Already, nearly 20 2018 boys and several 2018 girls have made their commitments to Division I schools public, and others have committed but have not gone public. It is expected that many ore freshmen will commit to D1 schools in the coming weeks as many colleges – not just Top 10 schools – continue to recruit freshmen heavily.
Tillman, who has coached Maryland to two NCAA championship game appearances in his four years at Maryland, also has been a head coach at Harvard and an assistant at Navy and Division III Ithaca. he was the guest speaker at the Duke’s seminar, and followed up six speeches given by Dukes players, ranging from 2018 commit Caton Johnson (Manheim Township/UNC) to 2015 NESCAC commit Evan Wolf (Lower Merion/Amherst).
Tillman told Phillylacrosse.com that he still holds spots in his classes for players that bloom late in their careers and that any player that wants to play Division I and has not committed by their junior year should be able to find a spot in many programs.
“Absolutely, they’ll be a spot for sure,” he said. “I think that being in a visible program, attending tournaments or by sending your video out and marketing yourself, or get yourself out there, coaches are smart enough to realize kids grow differently.
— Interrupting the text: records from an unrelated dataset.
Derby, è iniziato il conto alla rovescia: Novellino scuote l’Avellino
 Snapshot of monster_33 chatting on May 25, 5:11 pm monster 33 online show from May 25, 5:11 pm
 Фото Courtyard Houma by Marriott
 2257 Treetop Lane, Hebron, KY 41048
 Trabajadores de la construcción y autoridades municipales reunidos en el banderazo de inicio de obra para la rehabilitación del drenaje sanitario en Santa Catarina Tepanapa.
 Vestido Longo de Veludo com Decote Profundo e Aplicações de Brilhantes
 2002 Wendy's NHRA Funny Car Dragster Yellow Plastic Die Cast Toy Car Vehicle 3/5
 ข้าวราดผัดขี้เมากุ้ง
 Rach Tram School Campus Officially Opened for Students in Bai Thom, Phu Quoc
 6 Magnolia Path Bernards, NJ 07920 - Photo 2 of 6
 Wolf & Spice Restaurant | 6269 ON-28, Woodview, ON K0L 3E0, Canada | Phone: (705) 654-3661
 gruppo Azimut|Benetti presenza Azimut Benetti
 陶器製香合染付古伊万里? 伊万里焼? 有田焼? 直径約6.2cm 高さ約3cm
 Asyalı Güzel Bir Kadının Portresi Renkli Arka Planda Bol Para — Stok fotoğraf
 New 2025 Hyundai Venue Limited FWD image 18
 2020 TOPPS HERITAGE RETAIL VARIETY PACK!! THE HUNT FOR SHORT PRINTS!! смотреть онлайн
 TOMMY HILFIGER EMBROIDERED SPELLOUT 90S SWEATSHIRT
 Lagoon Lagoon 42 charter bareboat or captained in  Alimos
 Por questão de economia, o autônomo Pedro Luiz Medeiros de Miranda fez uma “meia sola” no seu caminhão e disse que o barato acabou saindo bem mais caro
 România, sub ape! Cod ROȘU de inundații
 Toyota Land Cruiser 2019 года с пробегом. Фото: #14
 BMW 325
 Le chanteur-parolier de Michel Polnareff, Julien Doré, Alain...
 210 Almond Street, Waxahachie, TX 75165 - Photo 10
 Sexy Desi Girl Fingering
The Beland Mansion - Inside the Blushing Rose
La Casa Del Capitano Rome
“I see this not only in high school but in college, that some kids mature later. We all realize there are certain guys that are really good players in their junior or senior year that we really didn’t know about when they were in their freshman year.”
Tillman – based on his experience coaching at different levels – said his message to the crowd also addressed the variety of great lacrosse programs and institutions.
“I try to do give the perspective of having been at four very different places,” he said. “They are all great places in their own way and I try to give value to each. Whether they are scholarship, service, Ivy League or Division III institutions, they are all great.
“Players need to focus on remembering that they need to have fun playing lacrosse because that’s why they play. If you focus on enjoying playing and competing, everything else takes care of itself.”
What are college coaches looking for in potential high school recruits?
“I think first and foremost they want to have players that have high character to represent the program and university well,” Tillman said. “At the end of the day, the kids are part of your program and you have to do things the right way. When we call the high school or club coach, we obviously are looking at kids with good grades. The better students is uaually willing to push himself and challenge himself
“The less time we spend worrying about taking care of business with a player’s grades, the more time we can spend coaching. Obviously, we want a guy that is a real hard worker and is a leader that can make other guys better.”
Tillman also spoke about why college coaches enjoy recruiting in the Philly region.
“The coaching and development that those guys get is really good from the youth level all the way up,” he said. “They are very well coached with very good fundamentals and instinctive qualities. They understand how to play, how to play the right way. Their guys love to compete and a lot of coaches feel that is really important.”
Duke’s LC coach Ebe Helm praised all his players that spoke for sharing their thoughts on the difficult process of recruiting to a large crowd. He noted that Forry Smith (Haverford School, 2016 attackman committed to Johns Hopkins) spoke at the event two years ago shortly after being the country’s first freshman to commit in September and how impressive his speech was two years later. Helm also praised how 2016 face-off specialist Matt Dellacroce (Spring-Ford, Michigan) spoke so well after having to deal with a season-ending injury last year and how 2017 FOGO Anthony Giuliani (La Salle, Penn) spoke about academics being the focus.
Helm also talked about impressive it is for so many Philly players and Dukes players to land spots on Division I programs.
“There’s a new statistic out that says for every D1 player there are 7,000 players going for that spot,” he said. “So it’s incredible how much work it takes for our players to make it to a Division I college. The coaches work hard to help get guys placed.”
Helm said one key point he took from the Tillman presentation was the greater importance of academics, especially in this age of early recruiting.
“Young players absolutely need to hit the books and really get grades to start with because if they don’t, they are eliminating options,” he said. “One of things we emphasize here is from our mission and motto: If you’re an All-American player you better be an All-American person. That’s our foundation and we put in those demands.
“Coach Tillman also liked that we have transparency, in our depth chart. That promotes competition; the kids know where they stand and he said that’s why he likes Dukes players because they come to college knowing what it’s like to compete in a college organization.”